The single greatest Spaghetti Western you haven’t heard of, The Great Silence is a beautifully bleak film, and one of the most influential of the genre. Directed by Sergio Corbucci (the second most prolific Sergio in Italian Westerns) it’s an incredibly violent, relentlessly unforgiving film, that’s nonetheless beautiful in its fatalism.
Corbucci reveled in playing around with Western tropes- while most have the same sunny, sandy environment, his films tend to have more unusual settings, Django is muddy and miserable, while The Great Silence is set in snow covered mountains, which only adds to the harsh feel of the film.
During a severe blizzard, the townspeople of Snow Hill resort to stealing food to survive. As a result the town’s corrupt banker (Luigi Pistilli) brands them all outlaws, driving them into the hills and attracting a gang of bounty killers, led by the deliciously evil Tigrero (Klaus Kinski). The hired guns ruthlessly execute the warrants on the outlaws, killing their targets in cold blood, until the arrival of an enigmatic, mute gunslinger named Silence (Jean Louis Trintignant) threatens their livelihoods.
Silence is a unique protagonist in Spaghetti Westerns. He has more of a moral code than the characters played by Eastwood in the Dollars trilogy, only killing in self-defence, but maiming the villains who surrender to him by shooting off their thumbs.
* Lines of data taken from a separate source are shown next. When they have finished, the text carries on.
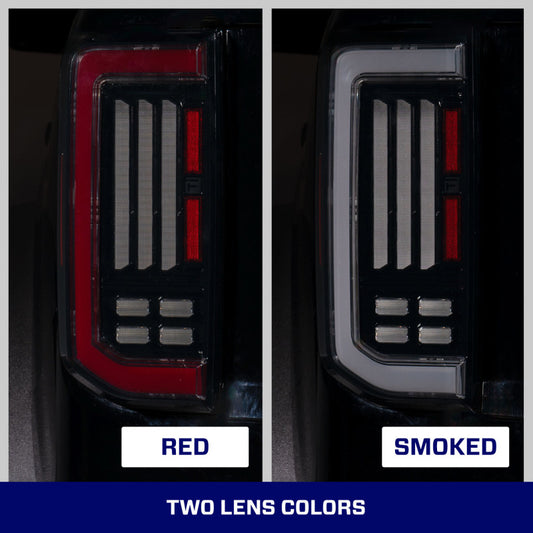 Pair of smoked LED tail lights for 2021-2025 Ford Bronco by FORM Lighting, showing the sleek, smoked lens design.
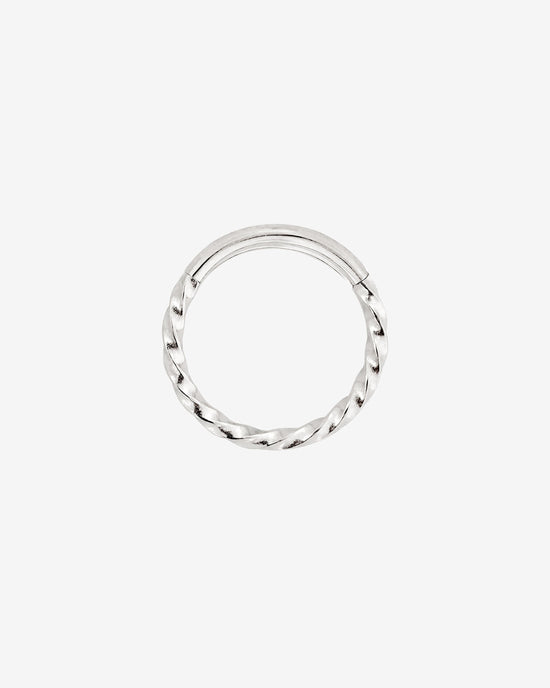 Twisted Click Piercing Ring Silver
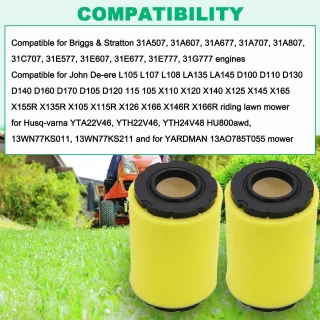 Omgoods luchtfilter voor grasmaaier en gazontractor - set van 2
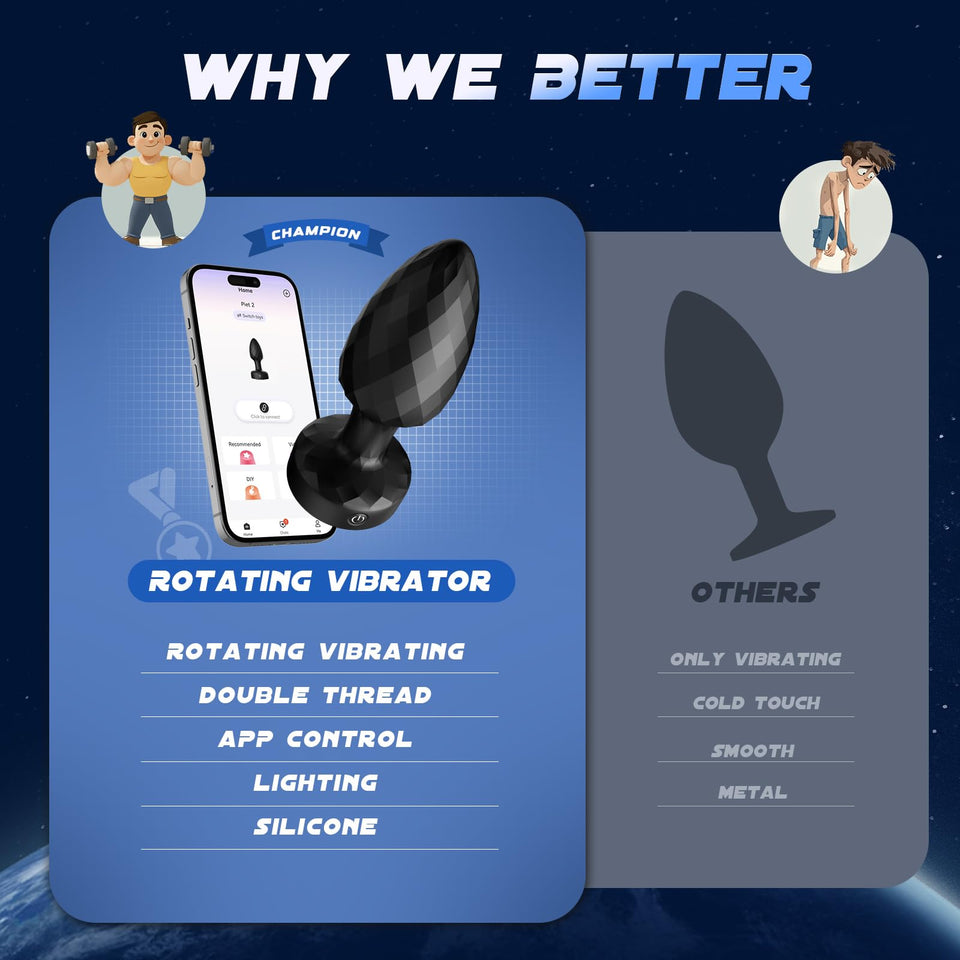 360 Tornado Swiveling Light Up Butt Plug - Powerful Vibrating Butt Plug Woman Adult Sex Toys App Remote Control with 8 Vibration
Trintignant has had an incredible career, appearing in at least four outright masterpieces – as the calm young prosecutor in Z , the reluctant hitman in The Conformist and the lead in Amour. He’s an inspired choice for Silence (accepting the role on the condition he didn’t have to speak a word) clad in black with a unique Mauser pistol. In an entirely non-verbal performance, he manages to be cool and impassive in his scenes with Kinski and reveals a more vulnerable side in his scenes with Vonetta McGee‘s grieving widow.
Despite Kinski’s reputation as the most temperamental actor in cinema history, this seemed to have been a relatively harmonious shoot (by his standards anyway – he still nearly provoked actor Frank Wolff into strangling him!). Maybe he recognised the quality of the role, as he clearly relishes getting his teeth into his character. He makes Tigrero (or Loco, depending on which version you watch) one of the most pragmatic, malevolent western villains of all time. He operates within the parameters of the law, but plays fast and loose with his interpretation of this. In a genre obsessed with ideas of honour, Tigrero is uniquely uninterested in a fair fight. He knows Silence is faster on the draw than him so he simply refuses to be coaxed into a gunfight with him, playing entirely on his terms.
The film cast a huge shadow over westerns, with Tarantino in particular paying homage in The Hateful Eight, with the snowy setting, and the way Tigrero collects his bounties by stacking his bodies on top of the stagecoach. Ennio Morricone’s score is also iconic – it’s not as flamboyant or technically impressive as his work with Sergio Leone, but it’s still my personal favourite of his work in the genre; a sorrowful melody that is entirely appropriate for the film itself.
My love for Spaghetti Westerns is well documented on this site (See also here and here) but The Great Silence represents the very pinnacle of the genre. It’s hardly a feelgood film, with perhaps the bleakest ending of any western, but it remains eminently watchable due to its uniquely pessimistic tone, striking cinematography and iconic performances from the two leads.
This presentation by Eureka, taken from a 2K restoration, is the best this film has ever looked, and it comes with a ton of extras. There are few people I’d rather listen to talking about film than Alex Cox, and he’s all over this release. His commentary track, and the short featurette Cox On Corbucci are both insightful, engaging and thoroughly interesting. Other features include two alternate endings, brand new audio commentaries from Western expert Howard Hughes and filmmaker Mike Siegel, a new interview with author Austin Fisher and a 1968 documentary, Western, Italian Style.